• WHAT TO WORK ON
The material beneath this line should be printed exactly, with its pictures omitted.

• RECORDED DATA

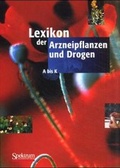 Cover: Lexikon der Arzneipflanzen und Drogen (Buchausgabe) - Spektrum Akademischer Verlag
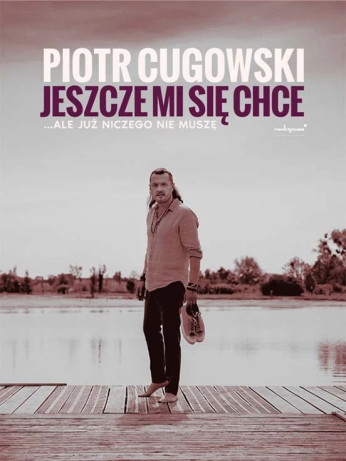 Toruń Wydarzenie Koncert Piotr Cugowski - Jeszcze mi się chce… ale już niczego nie muszę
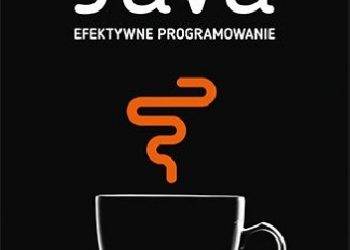 Joshua Bloch – Java. Efektywne programowanie. Wydanie III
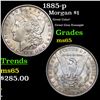 Image 1 : 1885-p Morgan Dollar $1 Grades GEM Unc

• THE ANSWER
 Cover: Lexikon der Arzneipflanzen und Drogen (Buchausgabe) - Spektrum Akademischer Verlag
 Toruń Wydarzenie Koncert Piotr Cugowski - Jeszcze mi się chce… ale już niczego nie muszę
 Joshua Bloch – Java. Efektywne programowanie. Wydanie III
 Image 1 : 1885-p Morgan Dollar $1 Grades GEM Unc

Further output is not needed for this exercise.